ABOUT THIS TASK →
Transcribe the lines below exactly, beginning with the line that holds "Walter Jeff Dunham" and ending with the final line, both included. Pictures are to be left out.

Pictures with short captions →
*** Begin section ***

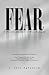 Fear: A Healthy Emotion If Well Managed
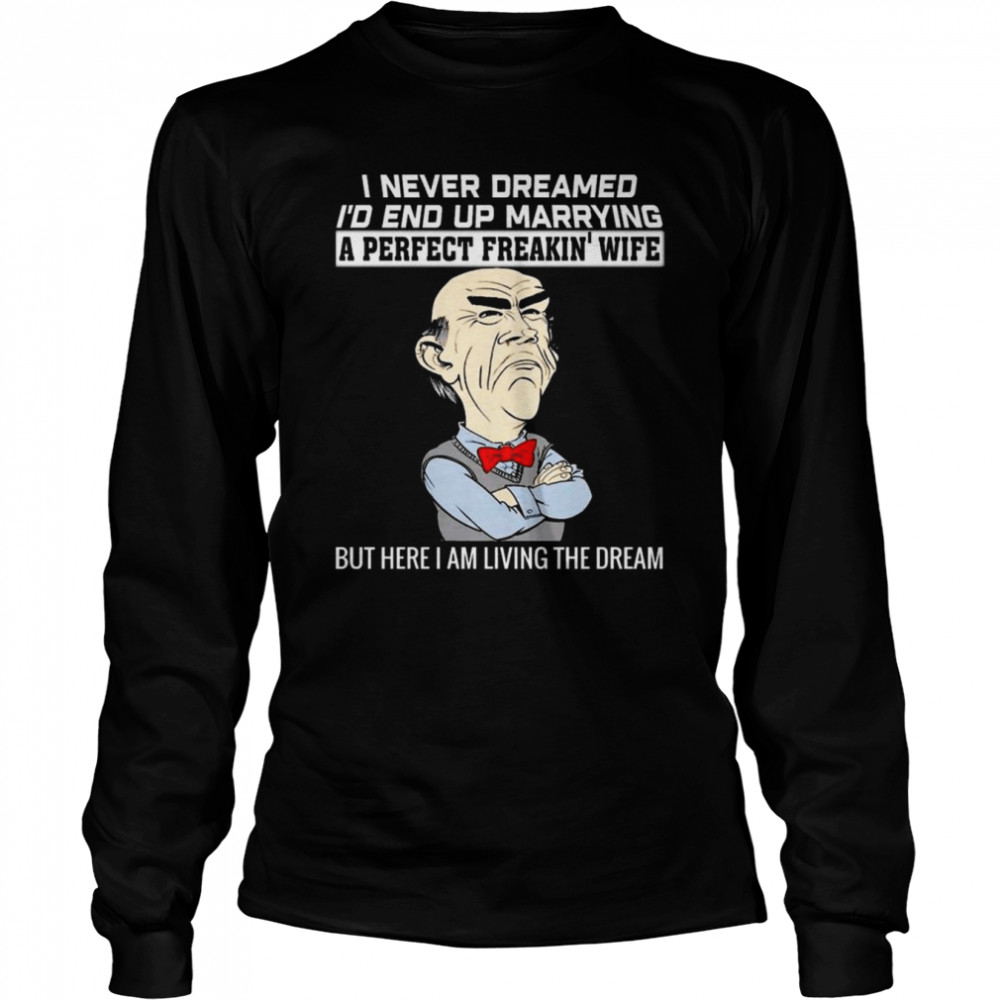 Walter Jeff Dunham I Never Dreamed I’d End Up Marrying A Perfect Freakin’ Wife But Here I Am Living The Dream Shirt Long Sleeved T-Shirt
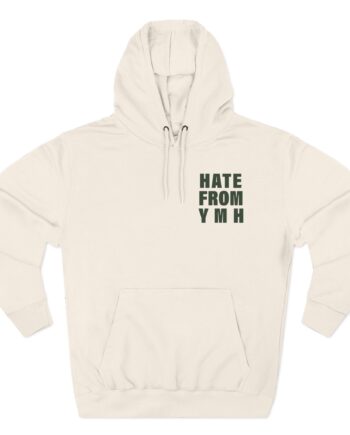 Ymh Hate From YMH Three-Panel Fleece Hoodie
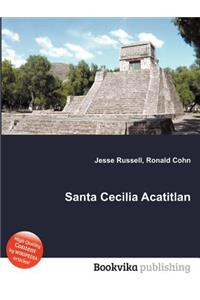 Santa Cecilia Acatitlan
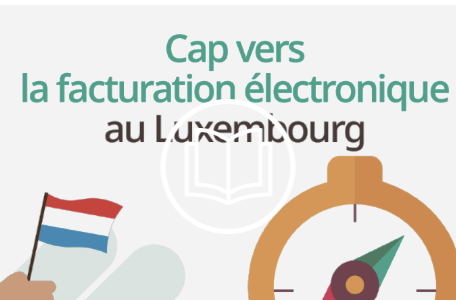 Facture électronique Luxembourg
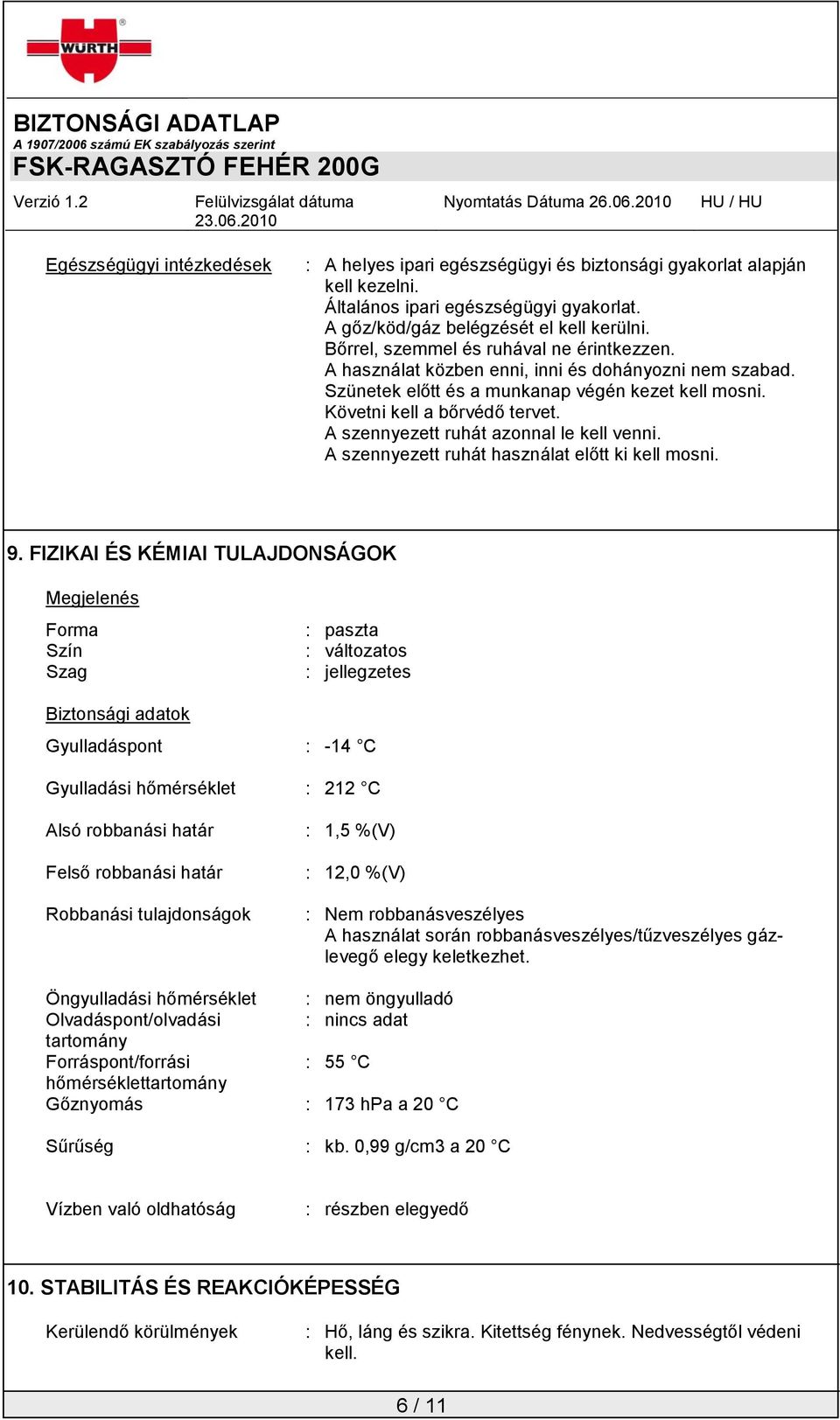 A szennyezett ruhát azonnal le kell venni. A szennyezett ruhát használat előtt ki kell mosni. 9.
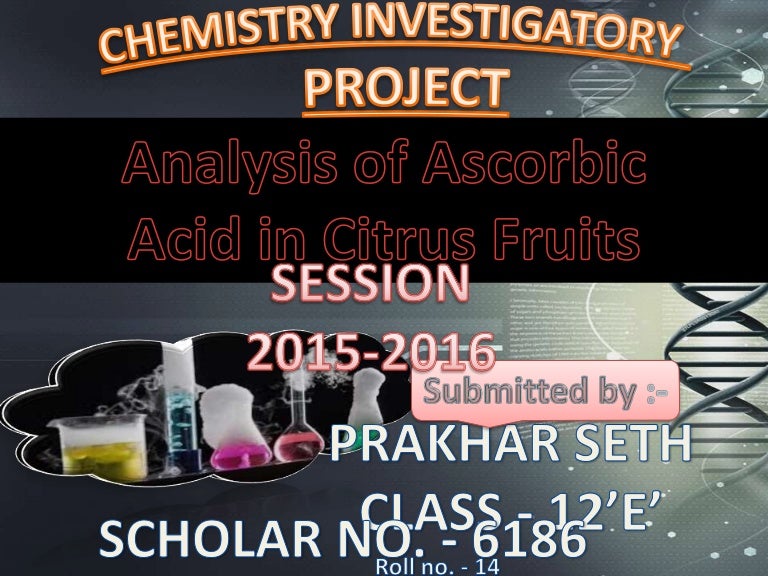Analysis of vitamin c (ascorbic acid) in citrus fruits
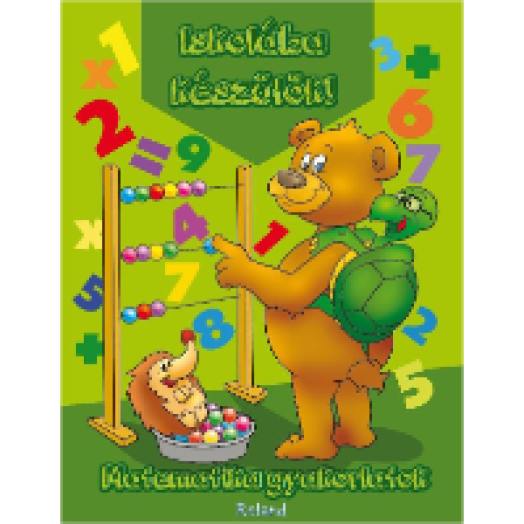 Iskolába készülök! Matematika gyakorlatok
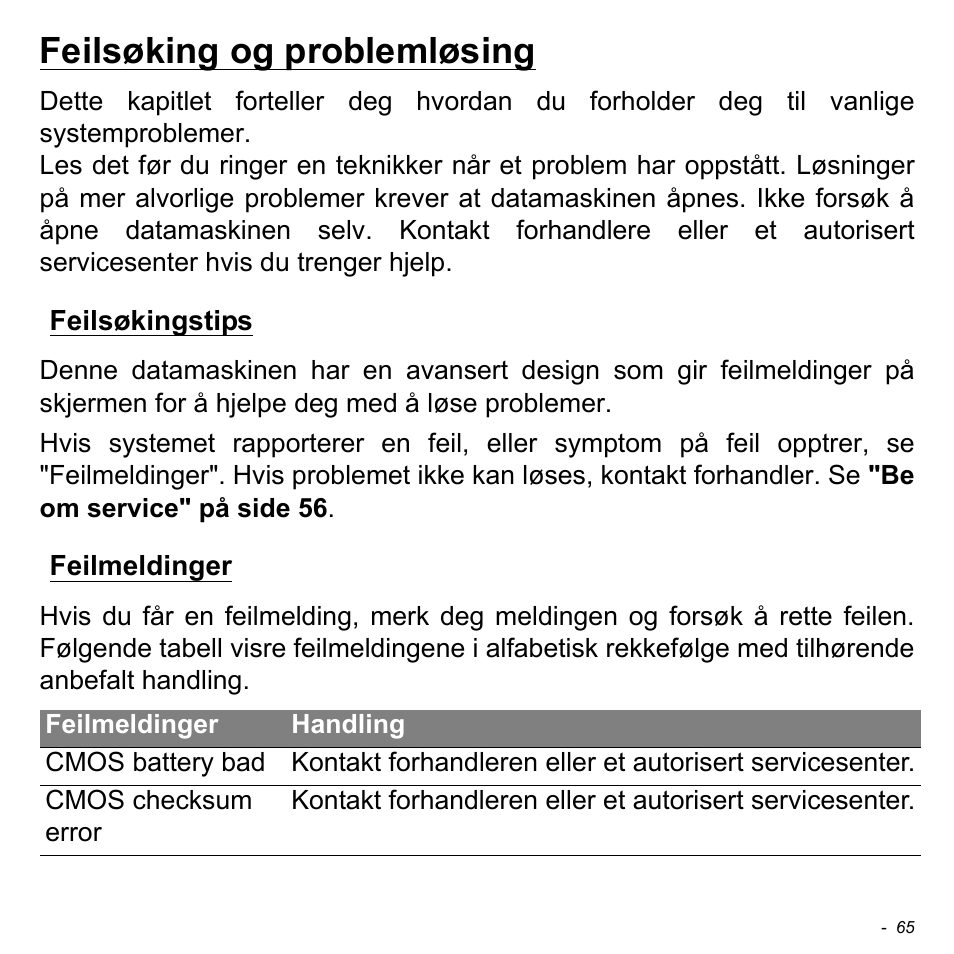 Feilsøking og problemløsing, Feilsøkingstips, Feilmeldinger | Feilsøkingstips feilmeldinger | Acer W700 User Manual | Page 611 / 2286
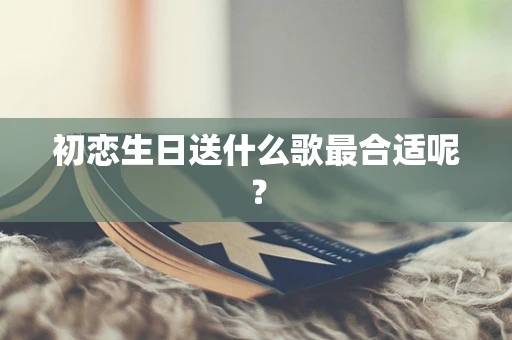 初恋生日送什么歌最合适呢？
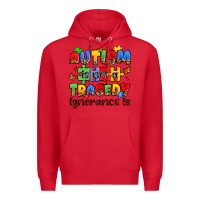 Red autism is not a tragedy ignorance is Premium Hoodie - JahusDesignShop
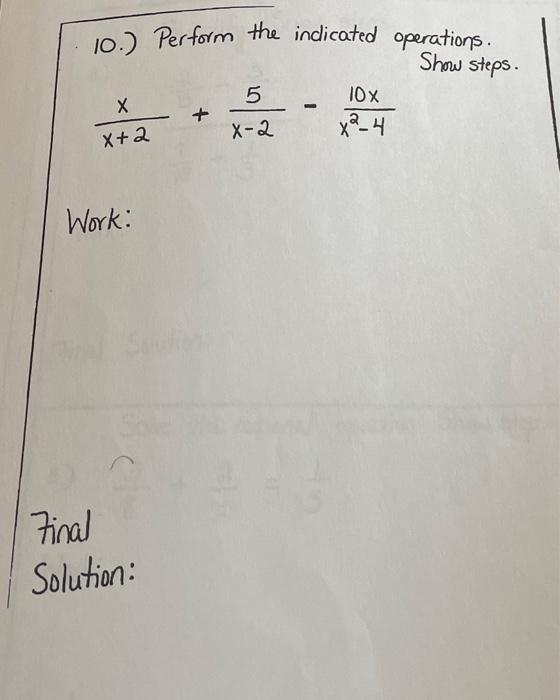 Solved 10.) Perform the indicated operations. | Chegg.com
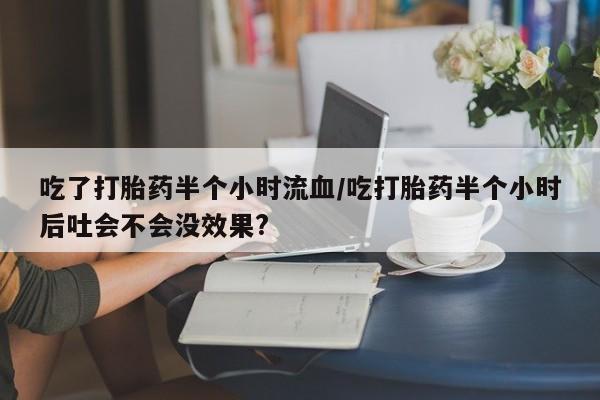 私人卖流产药的联系方式吃了打胎药半个小时流血/吃打胎药半个小时后吐会不会没效果?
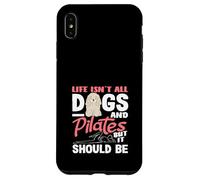Pilates La Vida no es Todo Perros y Pilates Carcasa para iPhone XS MAX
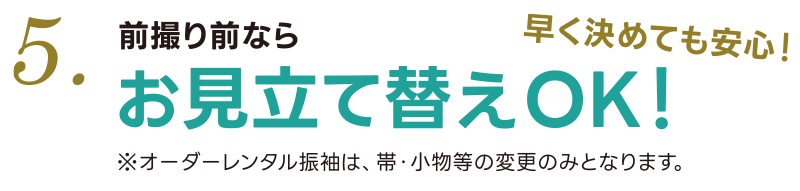 5. 前撮り前なら振袖変更OK！ ※オーダーレンタル振袖は帯・小物のみの変更となります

*** End section ***

TASK RESULT →
 Walter Jeff Dunham I Never Dreamed I’d End Up Marrying A Perfect Freakin’ Wife But Here I Am Living The Dream Shirt Long Sleeved T-Shirt
 Ymh Hate From YMH Three-Panel Fleece Hoodie
 Santa Cecilia Acatitlan
 Facture électronique Luxembourg
 A szennyezett ruhát azonnal le kell venni. A szennyezett ruhát használat előtt ki kell mosni. 9.
Analysis of vitamin c (ascorbic acid) in citrus fruits
 Iskolába készülök! Matematika gyakorlatok
 Feilsøking og problemløsing, Feilsøkingstips, Feilmeldinger | Feilsøkingstips feilmeldinger | Acer W700 User Manual | Page 611 / 2286
 初恋生日送什么歌最合适呢？
 Red autism is not a tragedy ignorance is Premium Hoodie - JahusDesignShop
 Solved 10.) Perform the indicated operations. | Chegg.com
 私人卖流产药的联系方式吃了打胎药半个小时流血/吃打胎药半个小时后吐会不会没效果?
Pilates La Vida no es Todo Perros y Pilates Carcasa para iPhone XS MAX
 5. 前撮り前なら振袖変更OK！ ※オーダーレンタル振袖は帯・小物のみの変更となります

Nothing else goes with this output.